The material below holds pictures; leave them out, and copy exactly, and only, the lines from the one with "No Two Trails" through the last.

◇ ◇ ◇ ◇ ◇

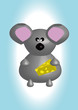 Maus mit Käse 2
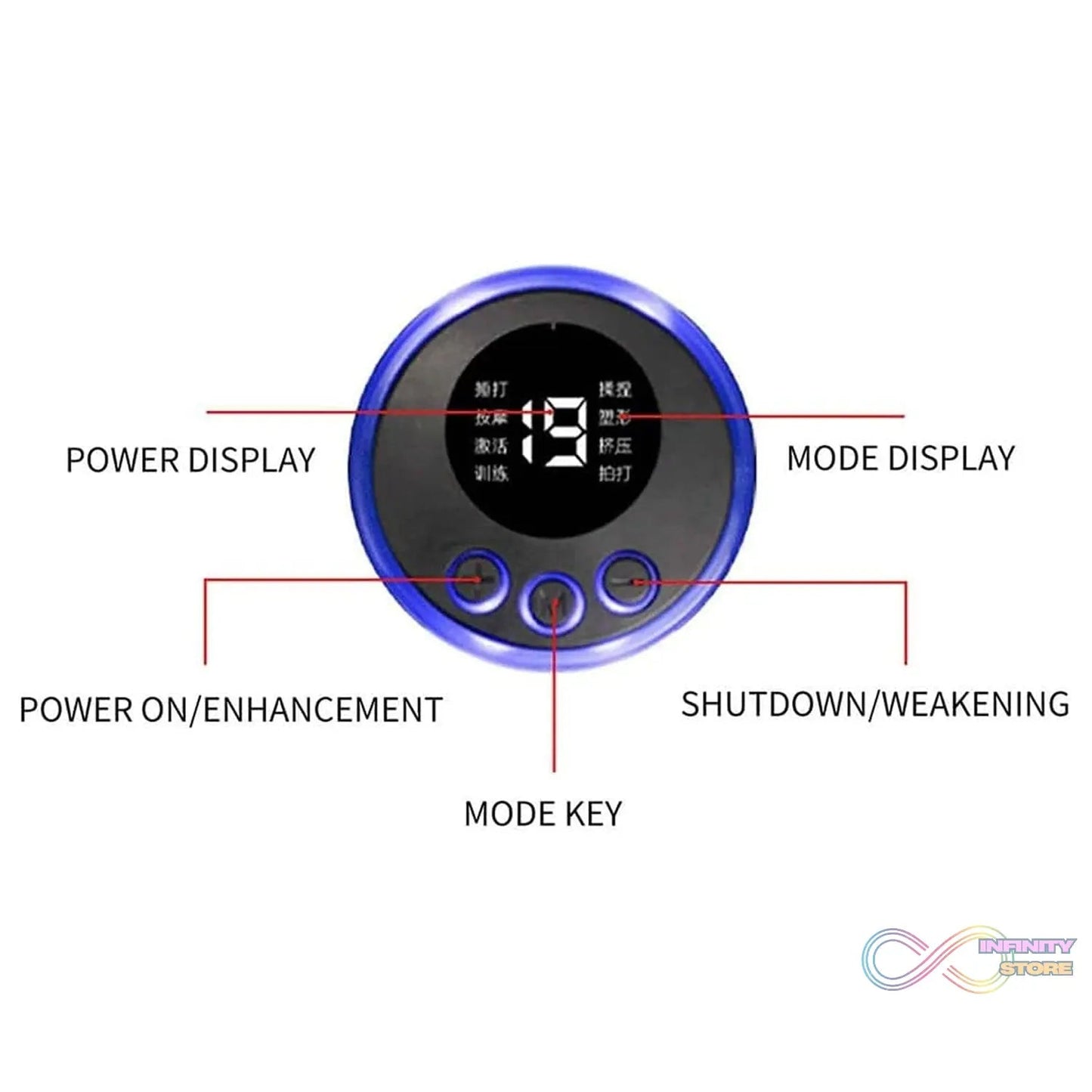 Portable USB Neck Massager Electric Neck Massager Automatic Massage Enhancer Mini Cervical Massager EMS - infinityexculsivestore.com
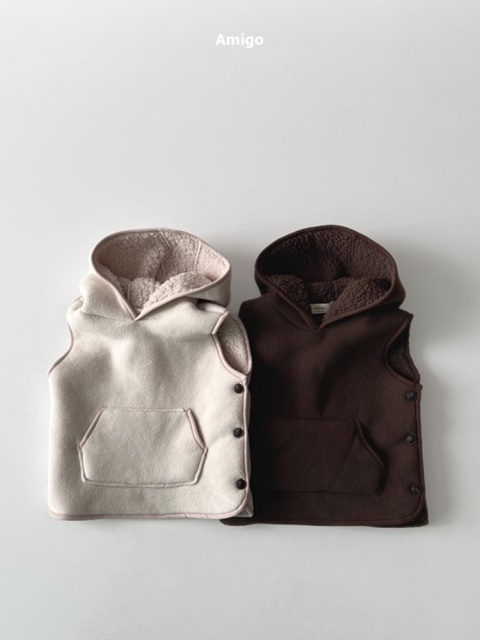 Fleece Hood Vest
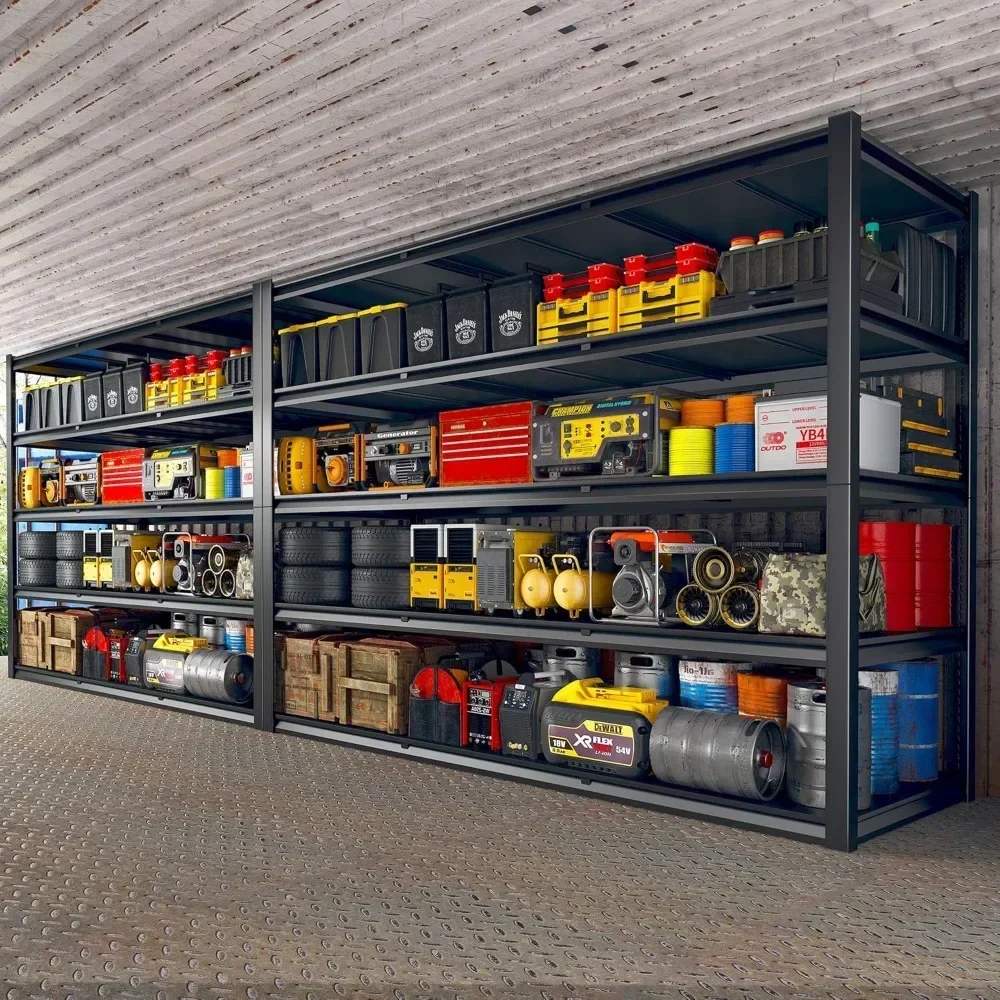60" W Garage Shelving 3000LBS Heavy Duty Storage Shelves Adjustable Tier Metal Shelves for Storage Rack Industrial She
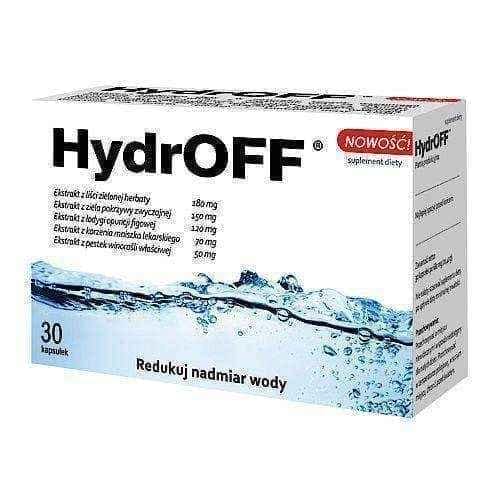 HydrOFF x 30 capsules, weight loss UK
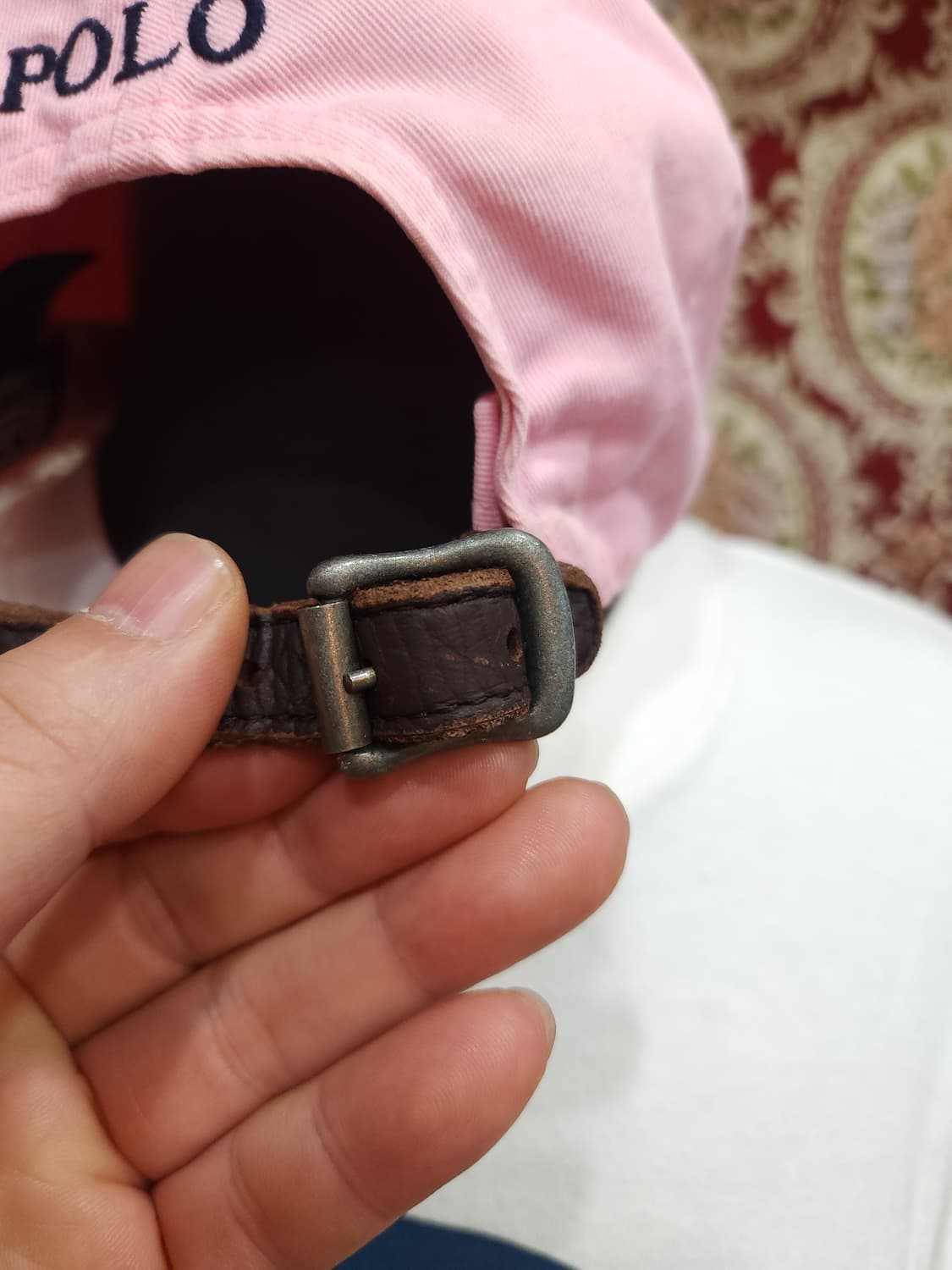 폴로 랄프로렌 핑크 가죽스트랩 볼캡

 상품이미지5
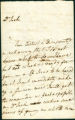 Spranger Barry letter to John Sowdon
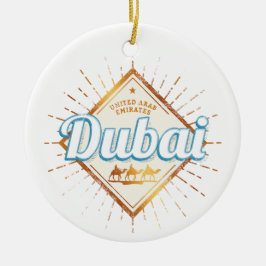 Dubai Vereinigte Arabische Emirate Vintag VAE Souv Keramik Ornament
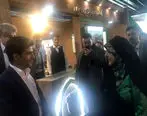 بازدید معاون امور زنان و خانواده رئیس جمهور از غرفه ذوب اهن اصفهان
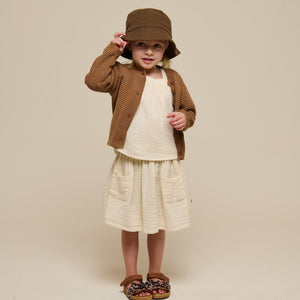 Baumwoll-Strickjacke - Kids - Coconut | 101271 Katie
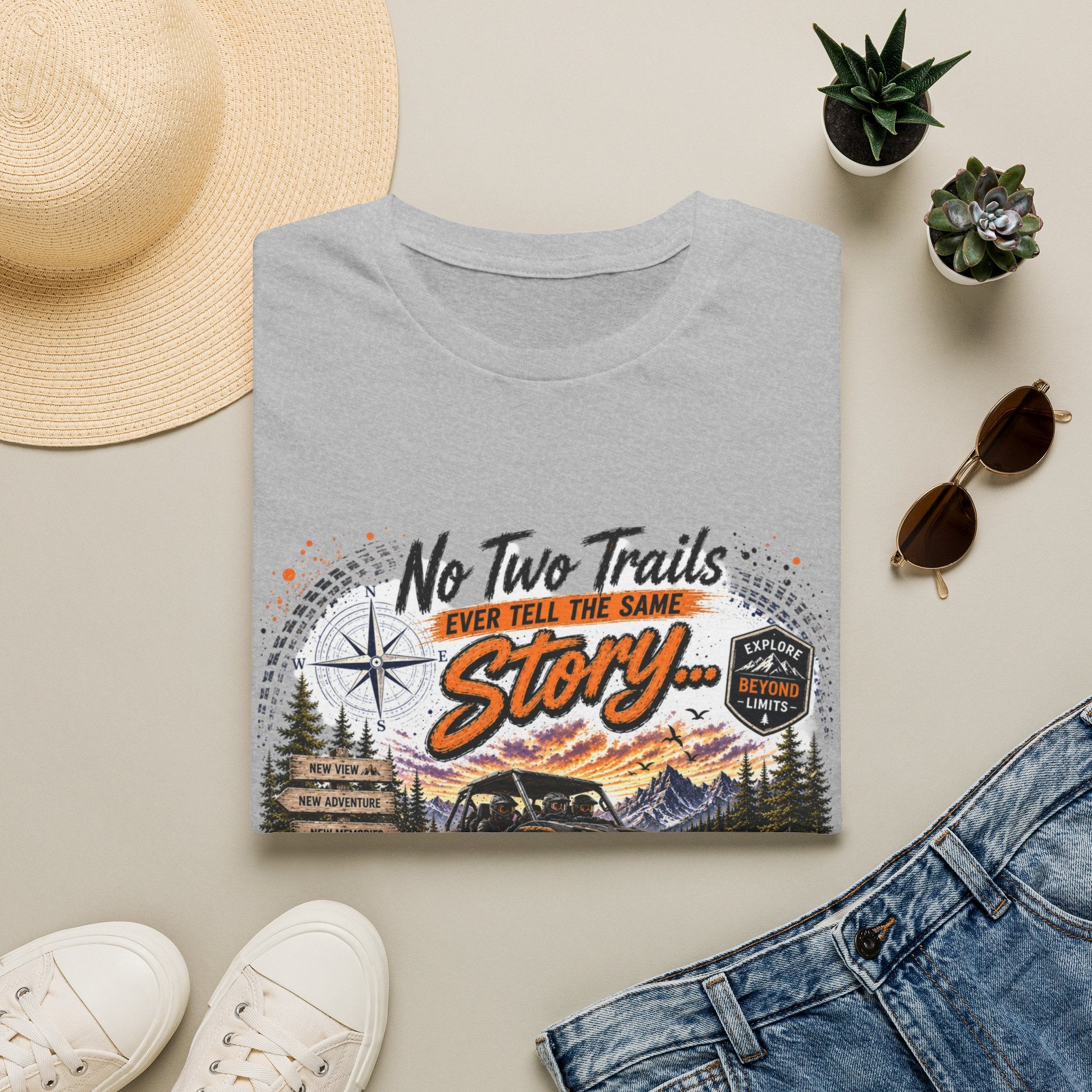 No Two Trails Tell The Same Story Off-Road Adventure T-Shirt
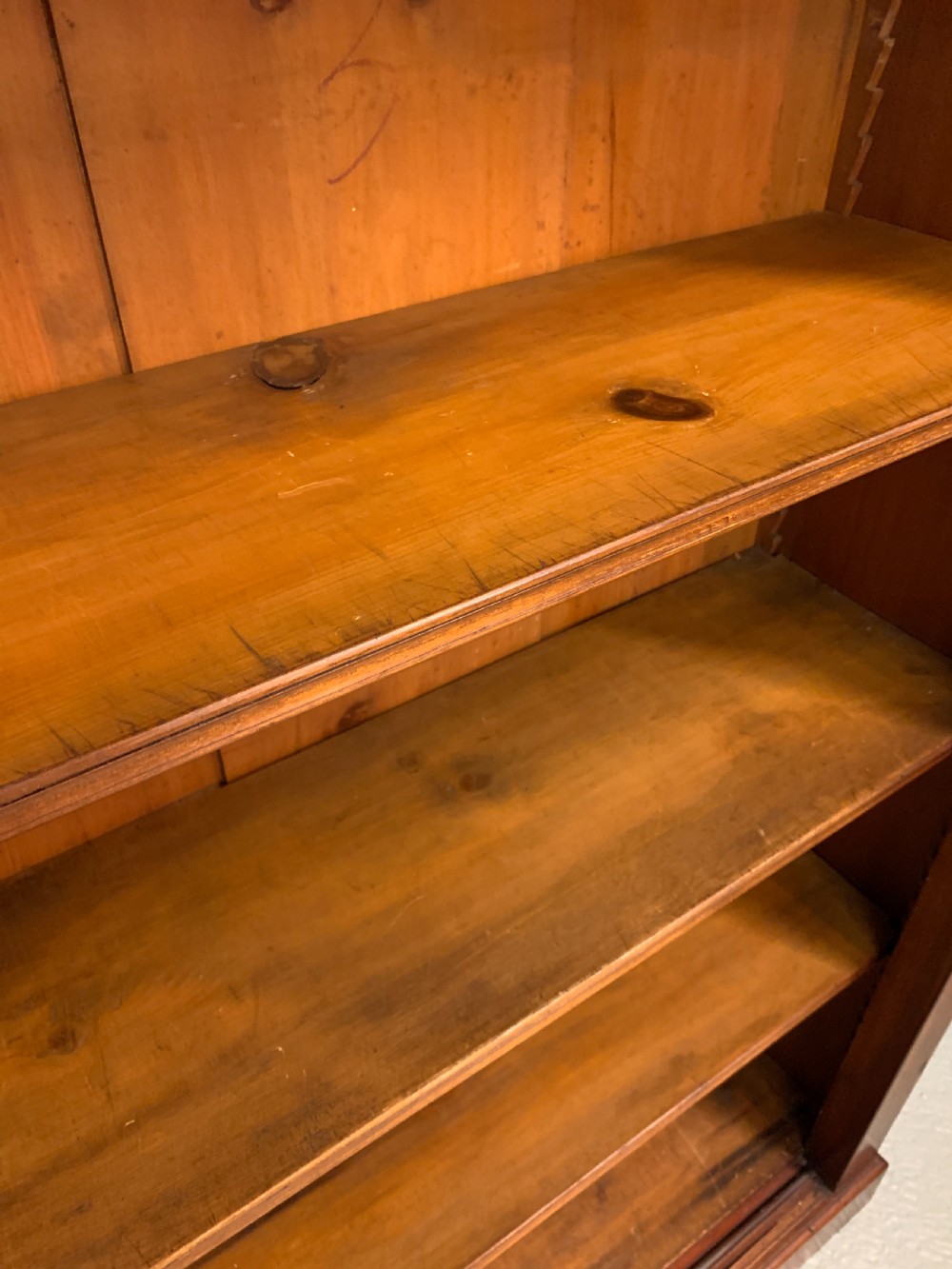 Excellent large mahogany glazed bookcase  View VII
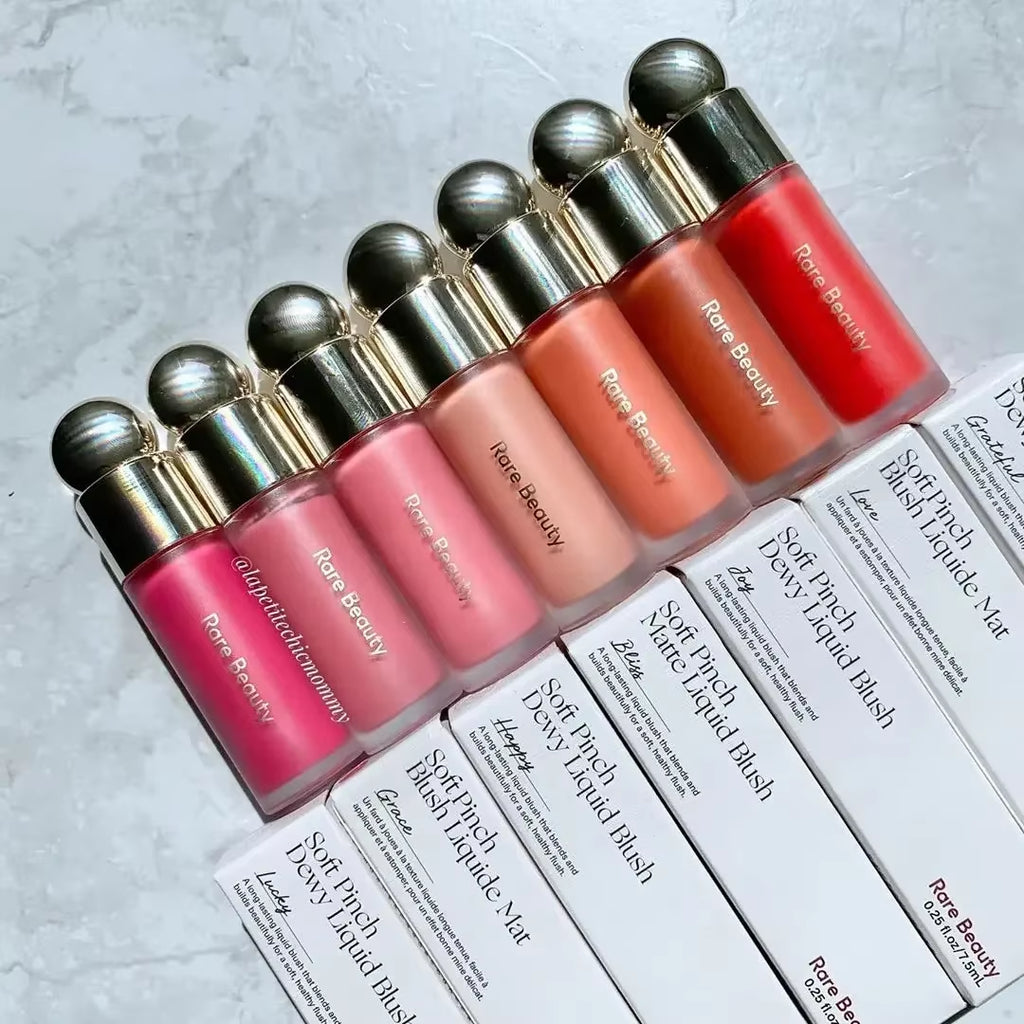 Melting Cream Blush Makeup Matte Pearlescent Texture Glitter Blush Highlighter Bright Nourish Moisturize Lip Gloss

◇ ◇ ◇ ◇ ◇

Output of the task =>
 No Two Trails Tell The Same Story Off-Road Adventure T-Shirt
 Excellent large mahogany glazed bookcase  View VII
 Melting Cream Blush Makeup Matte Pearlescent Texture Glitter Blush Highlighter Bright Nourish Moisturize Lip Gloss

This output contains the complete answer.